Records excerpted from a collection

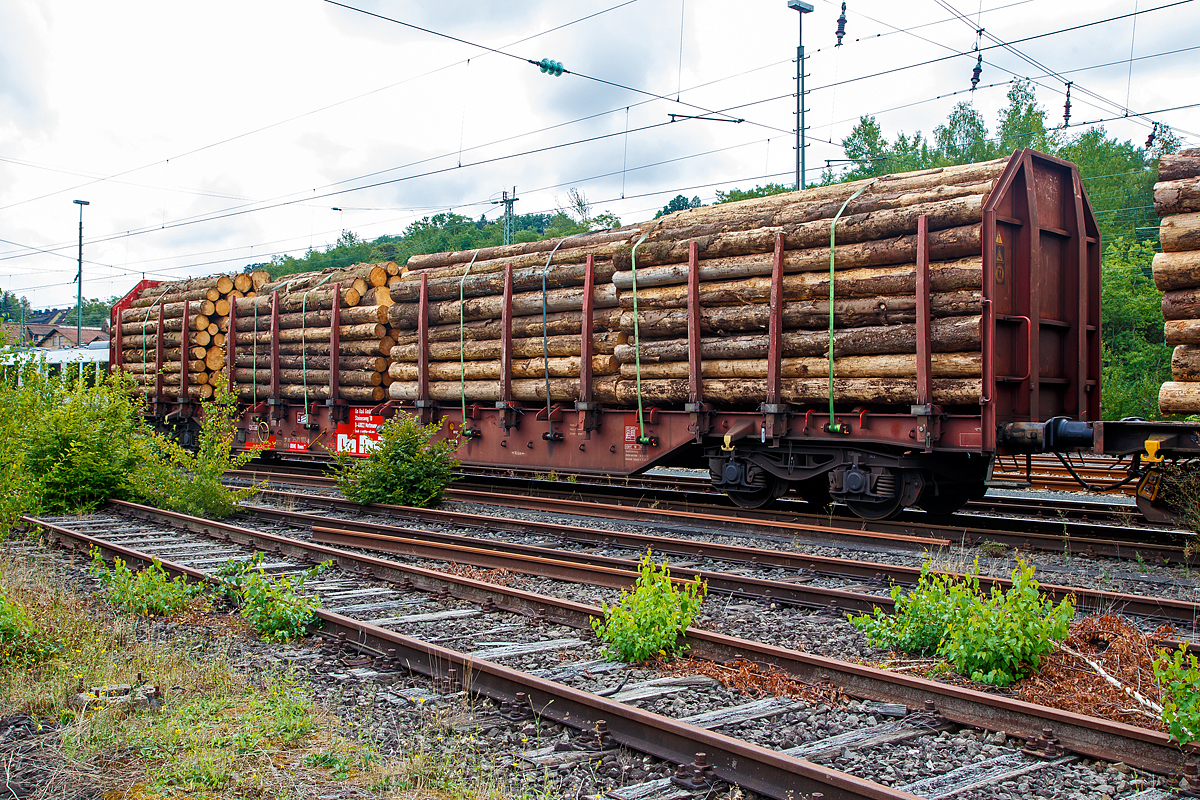 
Drehgestell-Flachwagen mit vier Radsätzen für den Holztransport, 37 80 3521 102-8 D-ORME, der Gattung Rnoos 644 der der On Rail GmbH (Mettmann) beladen mit Fichten-Rundholz abgestellt am 31.08.2020 beim Rbf Betzdorf (Sieg).

Der Rnoos-Wagen ist besonders für Rundholz von drei bis fünf Metern Länge geeignet. Der Güterwagen Rnoos ist ein offener Wagen mit vier Radsätzen und Drehrungensystem. Und genau hier liegt seine Besonderheit: Das Drehrungensystem ermöglicht eine besonders einfache Bedienung. Das Umstecken von Rungen wie beim Roos–Wagen entfällt somit. An den Wagenenden ist jeweils eine 2.670 mm breite Stirnwand angeordnet.

An einer Wagenseite sind 9 Spanneinrichtungen zwischen den Rungenpaaren angeordnet. Die Spanneinrichtung besteht aus Bandwinde, einem Spanngurt (60 kN Bruchlast, 9,0 m lang mit Triangel) und einem Bestätigungshebel zum Spannen des Gurtes. Dieser ist am Langträger gelagert. Zwischen den Rungensystemen sind 9 Hilfsladeschwellen mit einer Höhe von 100 mm angeordnet. An der Langträgerseite mit den Bandwinden sind 18 Bindeösen mit einer Zuglast von 40 kN angeordnet. An der gegenüberliegenden Seite sind 27 Bindeösen angebracht. Der Wagen ist mit einem 3 mm dicken begehbaren Tränenblech-Fußboden ausgerüstet. 

TECHNISCHE DATEN:
Gattung: Rnoos 644
Spurweite: 1.435 mm (Normalspur)
Länge über Puffer: 20.860 mm
Drehzapfenabstand: 16.560 mm
Radsatzstand in den Drehgestellen: 1.800 mm
Ladelänge: 21.600 mm
Ladebreite: 2.650 mm (zwischen den Rungen)
Ladefläche: 57 m²
Fußbodenhöhe über SO: 1.280 mm (OK Ladeschwelle)
Rungenhöhe: 2.000 mm
Eigengewicht: 26.500 kg 
Zuladung bei Lastgrenze S: 63,55 t (ab Streckenklasse D) 
Max. Geschwindigkeit: 100 km/h / 120 km/h (leer)
Kleinster Gleisbogenhalbmesser:	75 m
Bauart der Bremse: KE-GP-A
Verwendungsfähigkeit: RIV
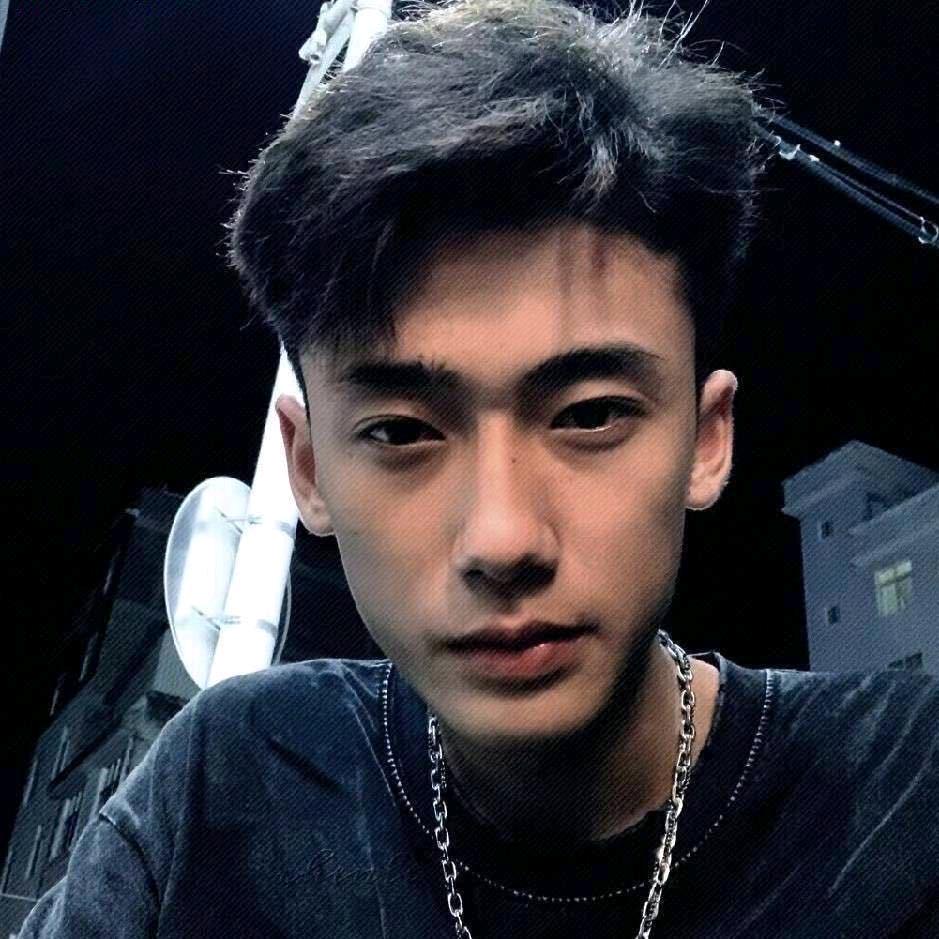 吷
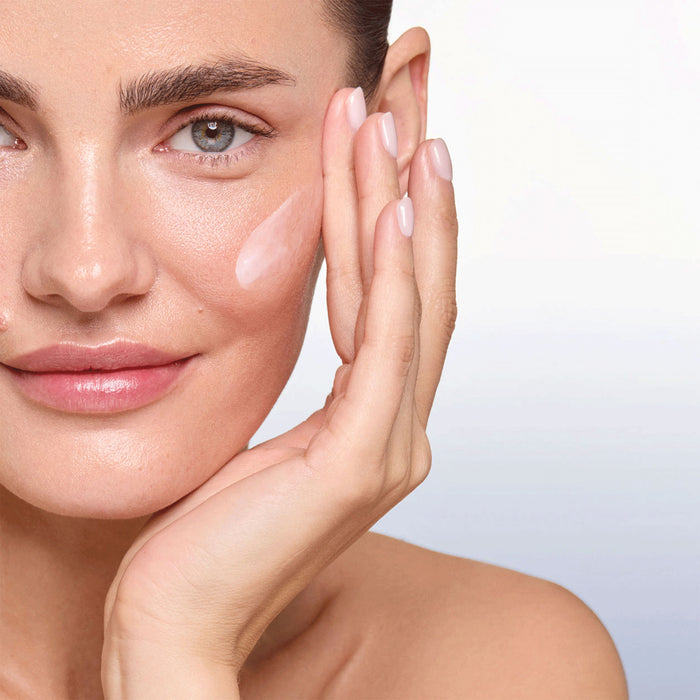 Model image of 111SKIN Cryo Revitalizing Moisturizer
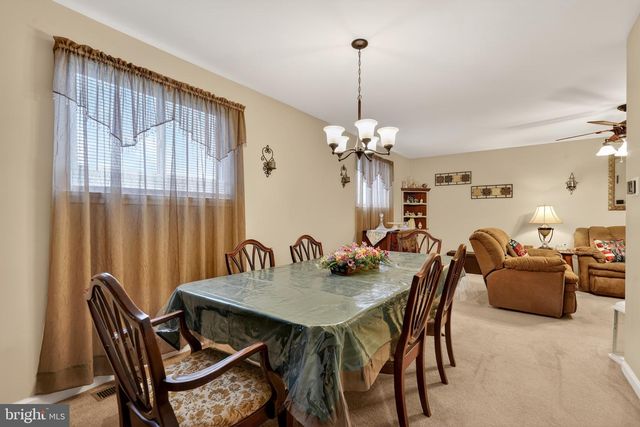 100 COACHMAN DR, Bordentown, NJ 08505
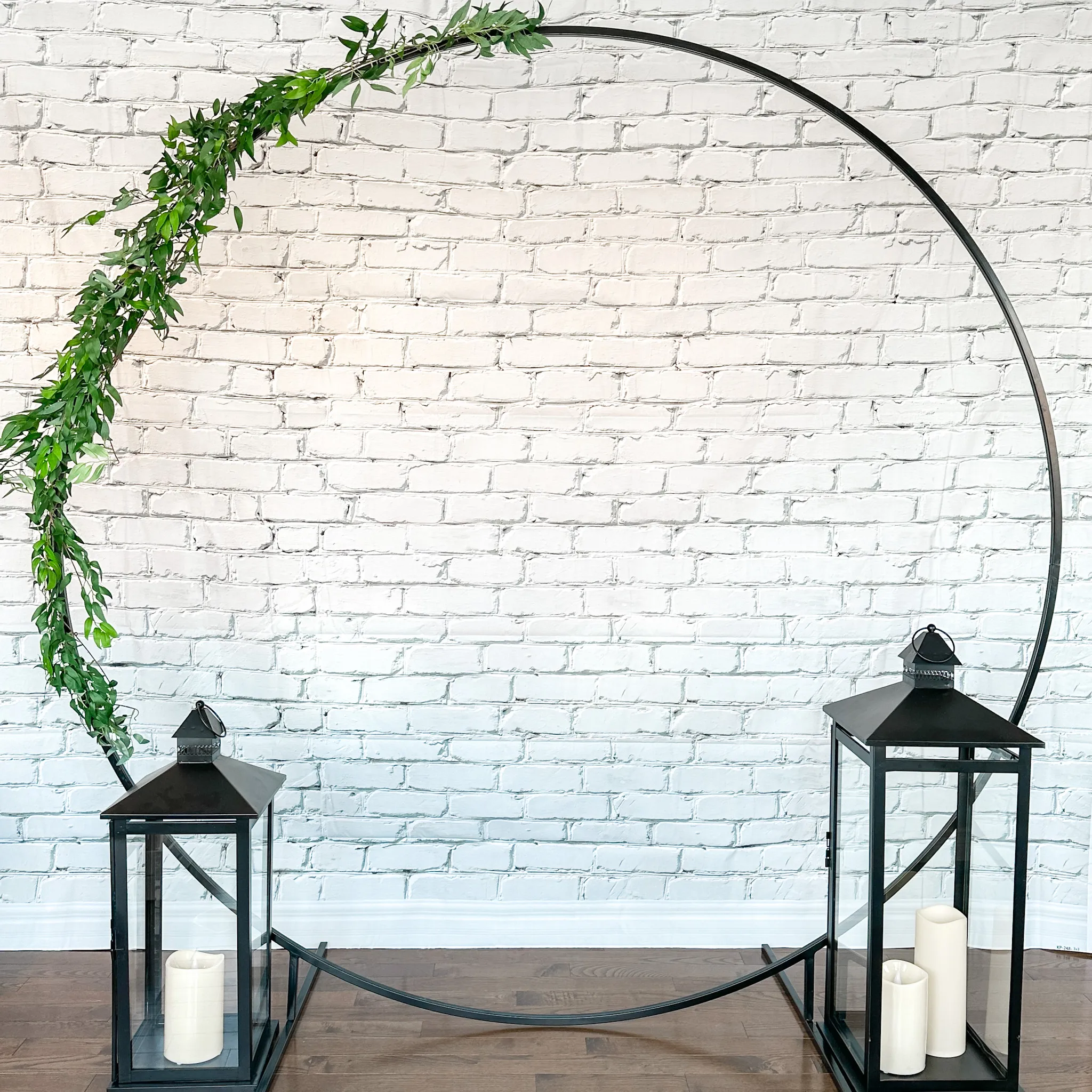 Circle Arch 7' - Black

_Exercise objective_: Do not include pictures. Copy only the lines running from the line with "Model image of" through the last line of the records, exactly as they appear.

_Written solution_:
 Model image of 111SKIN Cryo Revitalizing Moisturizer
 100 COACHMAN DR, Bordentown, NJ 08505
 Circle Arch 7' - Black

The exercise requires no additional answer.